5 Questions with an Indie Author
Prickly Pears is a collection of short stories and prose poetry that blends elements of reality and surrealism to explore the human experience. Diverse thought-provoking themes, such as marriage, mental health and mother-daughter relationships exist alongside the treatment of animals, lookism and religion. Hard-hitting truths are revealed via diverse settings, plot and voices. Hope, love and resilience move these character-driven pieces forward. Prickly Pears is now available on Amazon! https://www.amazon.com/Prickly-Pears-Collection-Short-Fiction/dp/B0C8841Q2C
Can you tell me about the origins of Prickly Pears and how it came to be?
I wanted to gather work that had been first published elsewhere in one collection. It’s a body of fictional work, but full of truth. Growing up in Melbourne, my grandmother had a wonderful Sicilian garden. Prickly pears, pomegranate, lemon and olive trees. Prickly pear fruit and the cactus on which they grow, have to be handled with care because of spines and prickles. Life throws at you many prickly situations, obstacles, challenges, illness but it can also present us with opportunities to rise and bloom. So that’s what the collection and title encompasses to me.
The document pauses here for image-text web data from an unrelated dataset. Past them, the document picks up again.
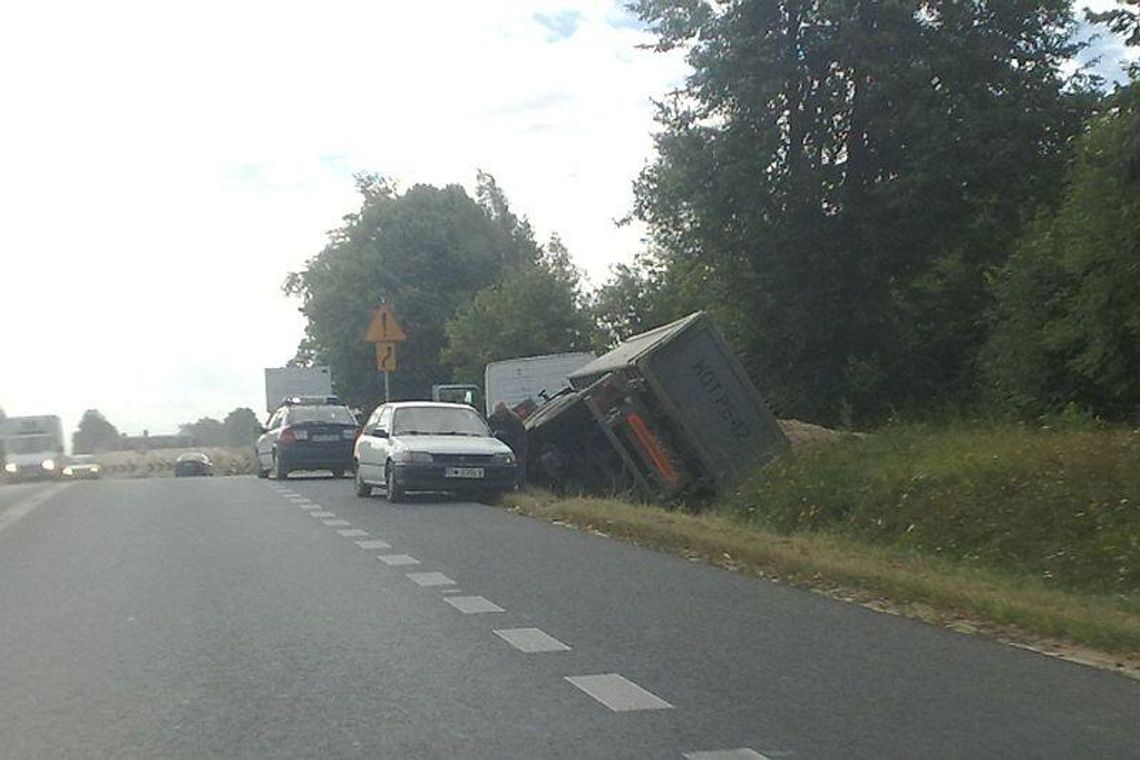 Jastków: Wpadł ciężarówką do rowu Jastków: Wpadł ciężarówką do rowu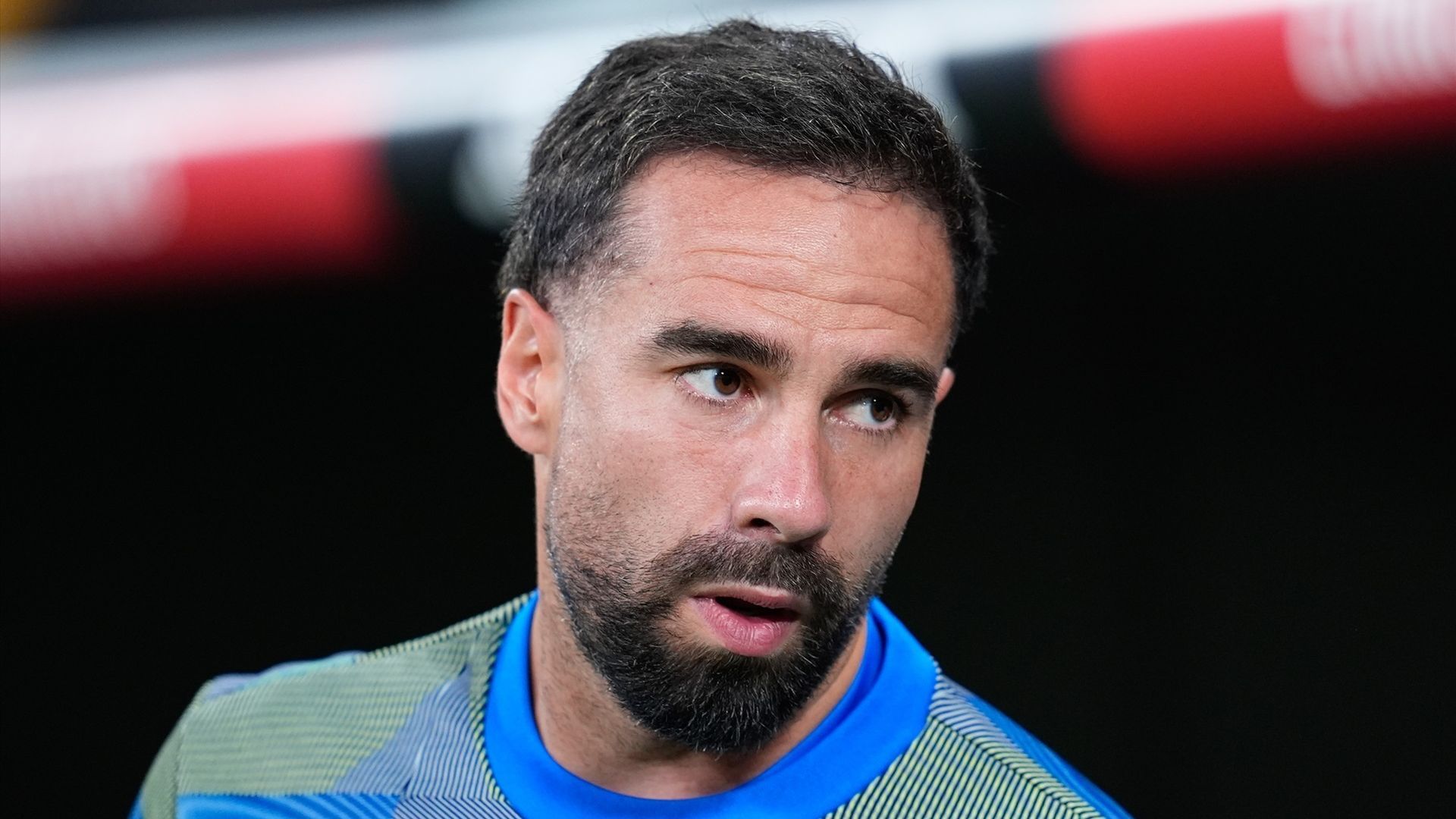 Dani Carvajal en el banquillo durante el Real Madrid - Alavés esta temporada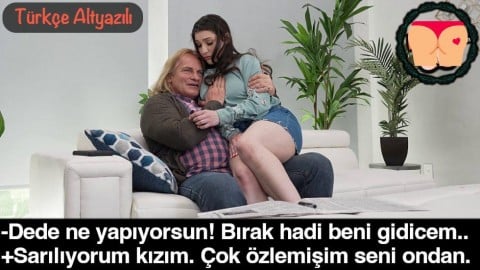 Kocaman Göğüslerini Kucağına Alıp Yalattı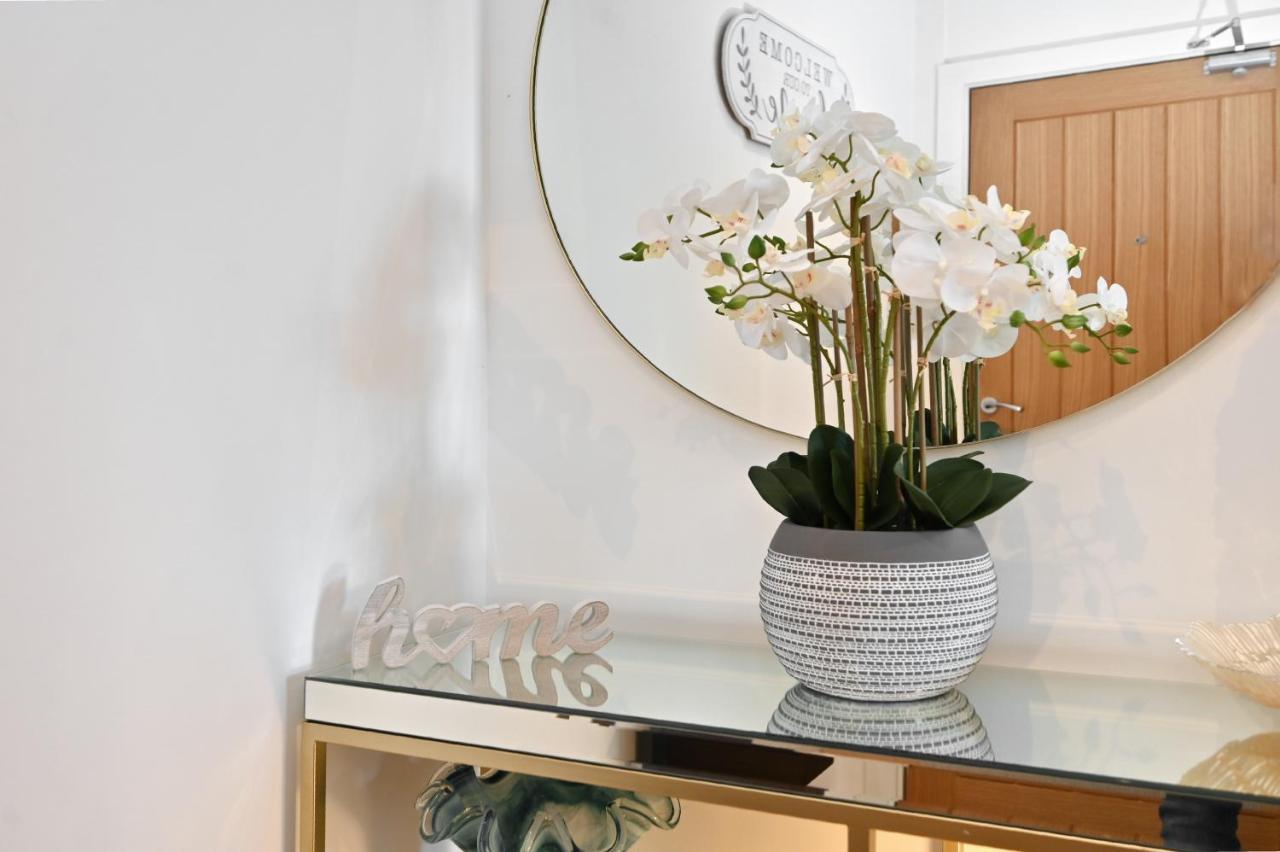 Spacious Designer 2Br Executive Apt, Near Beach & Marina, Central Location Ramsgate Kültér fotó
When did you first encounter surrealism and know it would be a part of your creative expression?
The problem with my earlier writing was that it was linear. It was rigid. Living near Paris, reading French every day, I’m exposed to surrealism art and text. As a spectator and reader, it lessens my anxiety, makes me smile yet I didn’t realise until a couple of years ago, that this is the direction my writing should take. Experiment more, free write, take risks, tap into the unconscious, look at the minutiae rather than the big picture, search for a hidden meaning and truth.
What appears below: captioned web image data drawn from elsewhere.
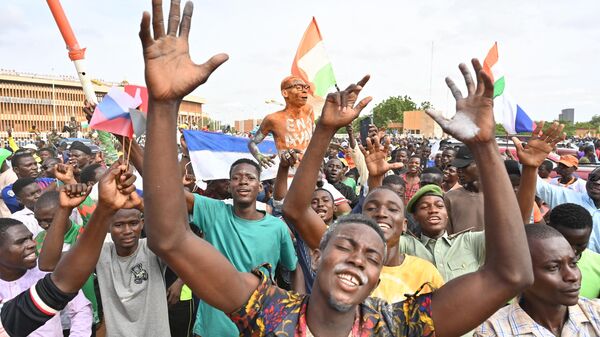 Partisans du Conseil national pour la sauvegarde de la patrie (CNSP) à Niamey, le 6 août 2023 - Sputnik Afrique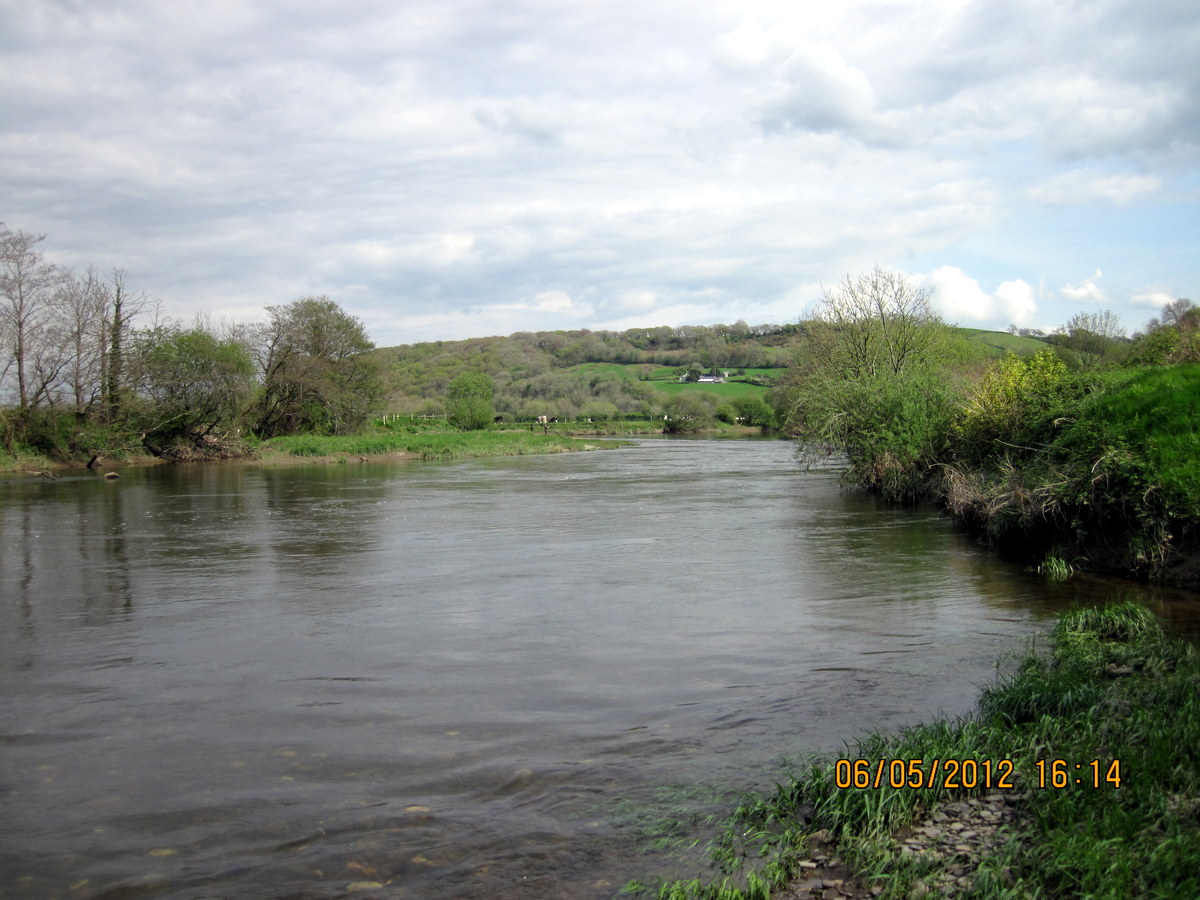 daijones flies a day out on river towy daijones flies a day out on river towy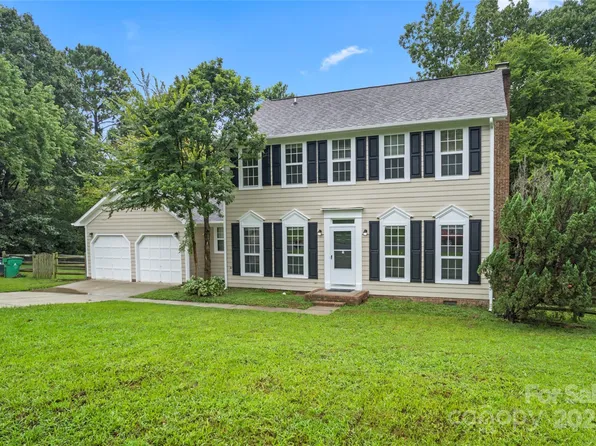 2813 Silkstream Ln, Charlotte, NC 28262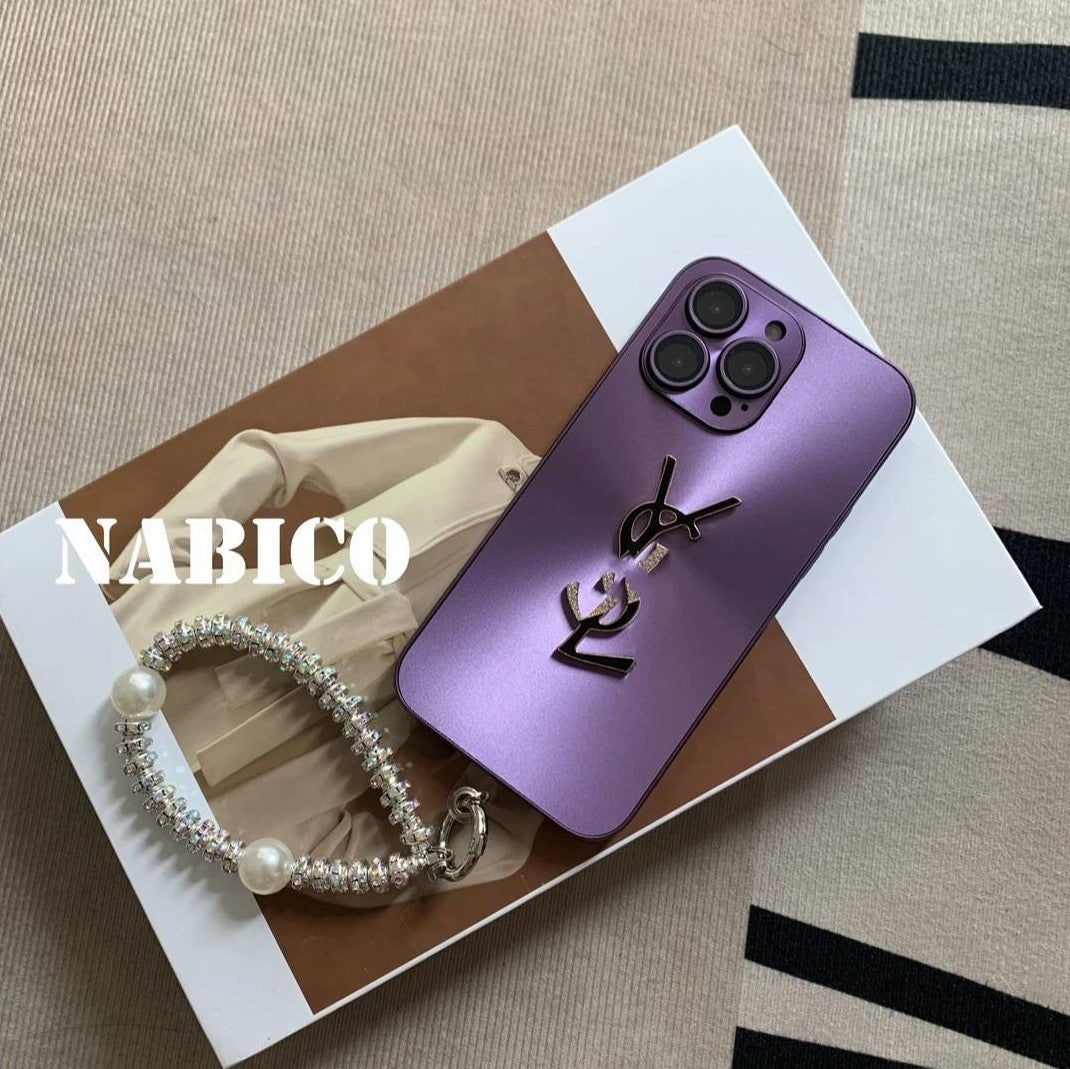 حافظة iPhone أنيقة بأحرف لامعة x Mono مع سلسلة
What was your biggest obstacle in writing this collection and how did you overcome it?
As most of the stories were already published, it was more about getting it into book form and formatting. Health issues with me and in the family stalled the process. I overcame it by not stressing about the when—when it was going to get published—and focused instead on writing bits and pieces every day and reading. The poetry of Jane Kenyon was incredibly healing.
Any advice for young writers interested in pursuing the independent publishing route?
Go for it. You’re in the driver’s seat but be prepared to invest in hiring professionals like editors, proofreaders or ask for volunteers to read your work and look out for any incoherencies, spelling mistakes and all that type of stuff. You have to market your own book. I don’t have any social networks but I must admit it does help. A web page and author page on Amazon could also promote the book.
Can you share three books, entertainment, or other media that you are enjoying at this time?
The Collected Poems of Theodore Roethke. La Légende de la Vieille Morte – Jean-Paul Chabrol. Short Story Masterpieces (Edition edited by Robert Penn Warren and Albert Erskine.)
Thanks so much for being a part of coalitionworks Isabelle, and again: congratulations on your latest release!